The problem ::
Using the material below, repeat exactly the lines from the one with "Research areas: Available and usable" through the one with "climate data", ends included, without any images.

Records provided ::

|---|

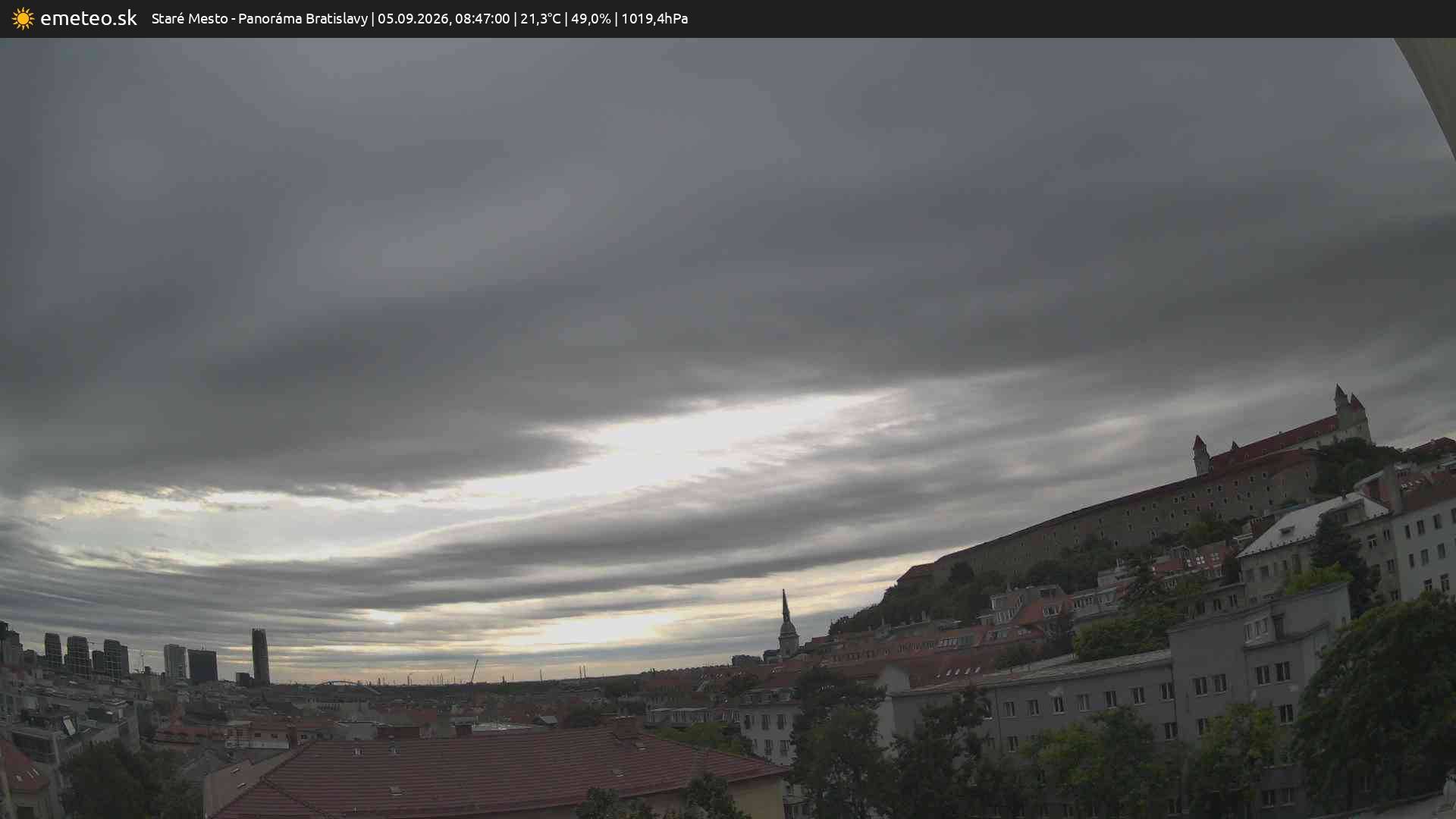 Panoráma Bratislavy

|---|

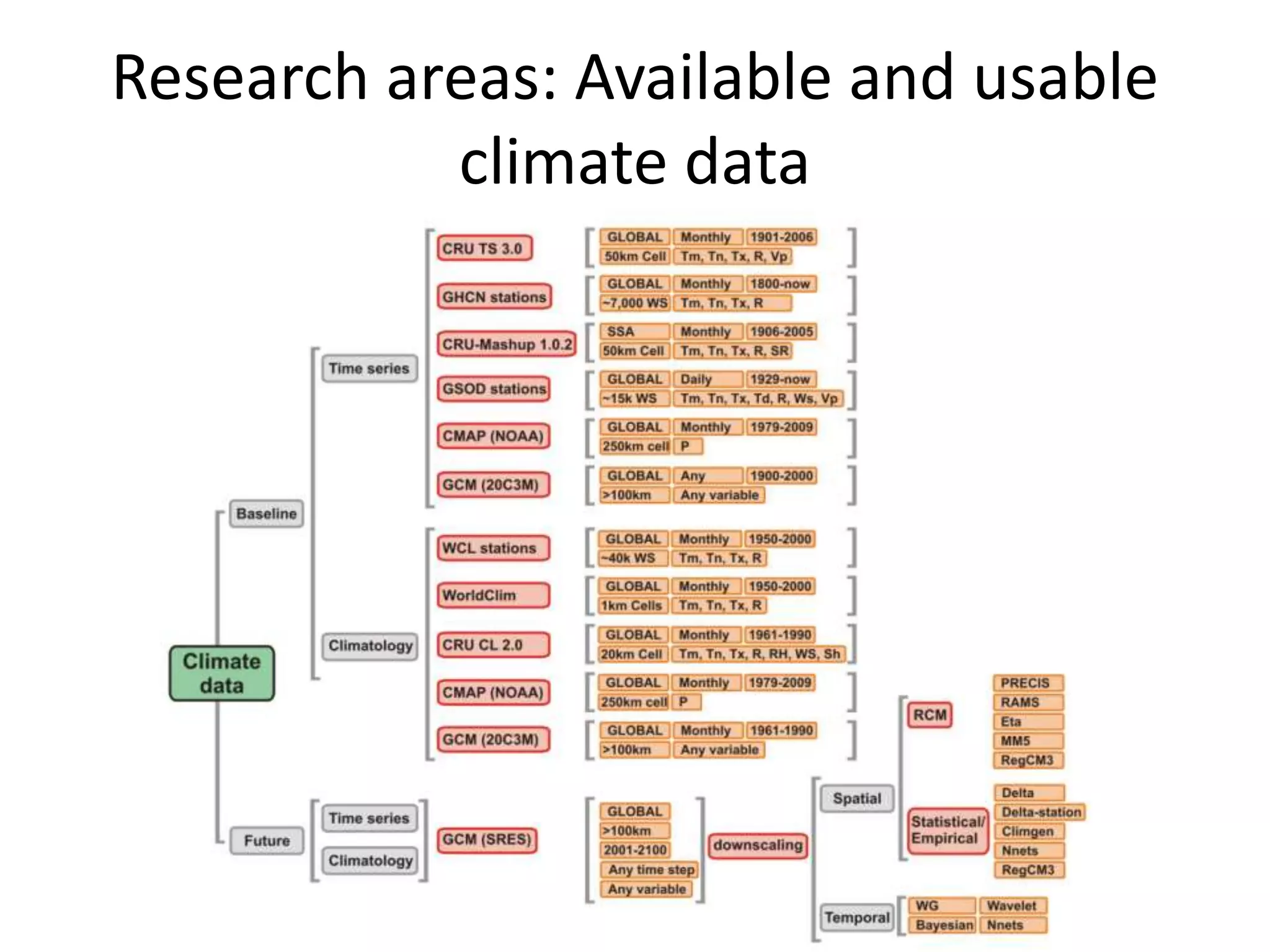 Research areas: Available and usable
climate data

|---|

Solution to this task ::
 Research areas: Available and usable
climate data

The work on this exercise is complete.